[tdwg-tag] TAG Road Map
roger at tdwg.org
Wed Aug 9 19:23:29 CEST 2006
Good to have your input.
This thread is getting a little difficult to read so I 'll just pick out
a few bits then spin out some new threads.
Steve Perry wrote:
> First, a silly point. The term "controlled vocabulary" is used by
> some as a synonym for "ontology". Can we find or coin a new term for
> concepts with a range of enumerated values that isn't overloaded?
> I agree with Rob that any "concept" with enumerated values ought to
> have those values represented as instances with assigned GUIDs. Some
> values will be blessed by the fact that they are stored in the core
> model but people will be free to invent their own without breaking
> existing software or mapping rules (at the expense of losing
> interoperability with software that only understands the approved
Sounds good. A terminology to talk about terminology would be good. I
think enumerated values is quiet a good one but am open to suggestions.
Any property with a range of instance of a class is really an
> First, since some of us are also involved in working to create data
> models that one day may be added to the semantic hub, is there a
> defined list of the common subset of modeling constructs (between UML,
> XSD, OWL, and RDFS) and suggestions about how to implement them? Are
> there discussions about what constructs will be dropped and the
> trade-offs of different implementations?
I am hoping to kick the discussion off. Donald made the point on an
earlier version of the road map document that I should expand on the
basic lists of constructs (I use the word construct as I can't think of
another term for the things we use to construct our ontology) but I
decided to leave it 'enigmatic' so it would kick off the debate.
> For example, it could be argued that N-ary associations could be
> implemented in RDFS and OWL (and perhaps in XML-Schemas that can
> describe directed labeled graphs through the use of GUIDs), but from
> the research community, the recommended implementation for N-ary
> associations in RDF-based systems is reification.
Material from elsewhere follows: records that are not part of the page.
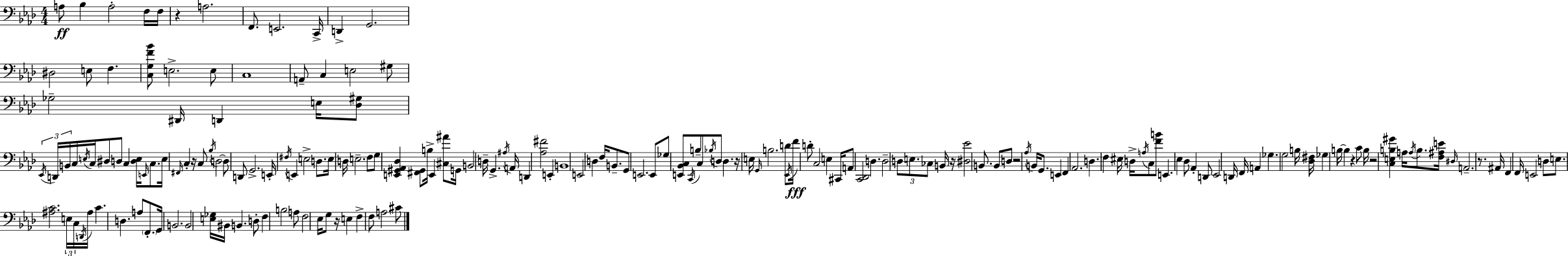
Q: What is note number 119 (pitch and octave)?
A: D2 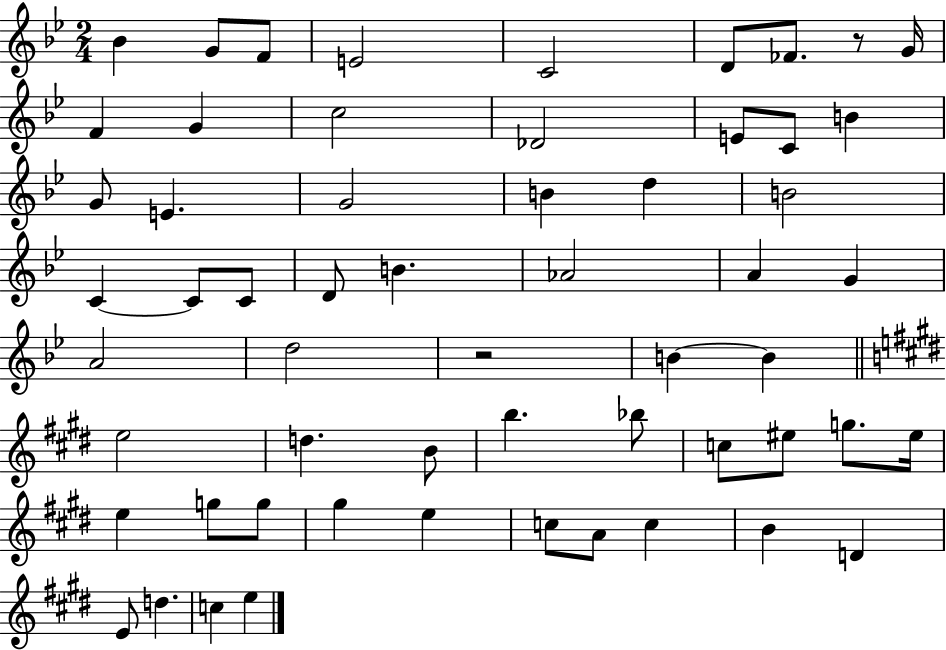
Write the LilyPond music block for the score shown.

{
  \clef treble
  \numericTimeSignature
  \time 2/4
  \key bes \major
  bes'4 g'8 f'8 | e'2 | c'2 | d'8 fes'8. r8 g'16 | \break f'4 g'4 | c''2 | des'2 | e'8 c'8 b'4 | \break g'8 e'4. | g'2 | b'4 d''4 | b'2 | \break c'4~~ c'8 c'8 | d'8 b'4. | aes'2 | a'4 g'4 | \break a'2 | d''2 | r2 | b'4~~ b'4 | \break \bar "||" \break \key e \major e''2 | d''4. b'8 | b''4. bes''8 | c''8 eis''8 g''8. eis''16 | \break e''4 g''8 g''8 | gis''4 e''4 | c''8 a'8 c''4 | b'4 d'4 | \break e'8 d''4. | c''4 e''4 | \bar "|."
} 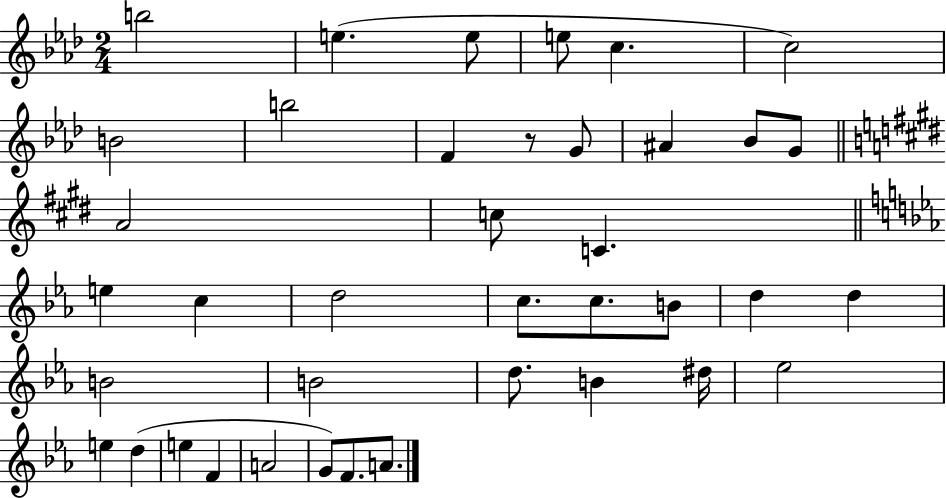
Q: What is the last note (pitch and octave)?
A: A4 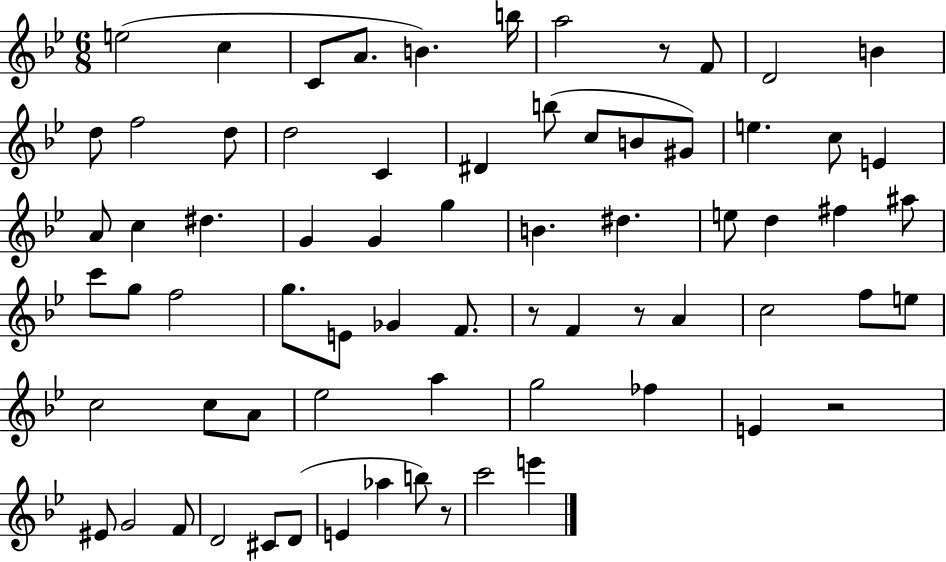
X:1
T:Untitled
M:6/8
L:1/4
K:Bb
e2 c C/2 A/2 B b/4 a2 z/2 F/2 D2 B d/2 f2 d/2 d2 C ^D b/2 c/2 B/2 ^G/2 e c/2 E A/2 c ^d G G g B ^d e/2 d ^f ^a/2 c'/2 g/2 f2 g/2 E/2 _G F/2 z/2 F z/2 A c2 f/2 e/2 c2 c/2 A/2 _e2 a g2 _f E z2 ^E/2 G2 F/2 D2 ^C/2 D/2 E _a b/2 z/2 c'2 e'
As implementors of
> systems that work with RDF-based data, we feel that reification is not
> the way to go and that it may be better to drop support for N-ary
> associations rather than put in place a "flawed work-around" like
> reification. Just off the top of my head there are also issues with
> modeling arbitrary cardinality, cardinality on one or both sides of an
> association, primitive type mapping and data type promotion, modeling
> aggregation and/or composition (sequences and bags mean anonymous
> nodes which don't play nice in a system that uses GUIDs to name
> resources), and how to implement many of these modeling constructs in
> XSD which was designed to describe trees (not graphs) and has no
> built-in notion of global identifiers.
What I would like to do is start from the position of 0 constructs and
then add them in one at a time (stopping when we have the bear minimum
we need to communicate) rather than look for an intersection of known
target languages. This is because less means less
implementation/documentation etc it also means when another language
appears that we have to support we are less likely to have used
something that it can't do. Rather contentiously I think it will also
make it easier for us to agree on models - easier for people to
understand and appreciate the alternative ways of modeling something
before settling on one.
I am just thinking about how to kick off the debate on constructs and
have started a wiki page here:
but running out of time today so will have to work on it tomorrow.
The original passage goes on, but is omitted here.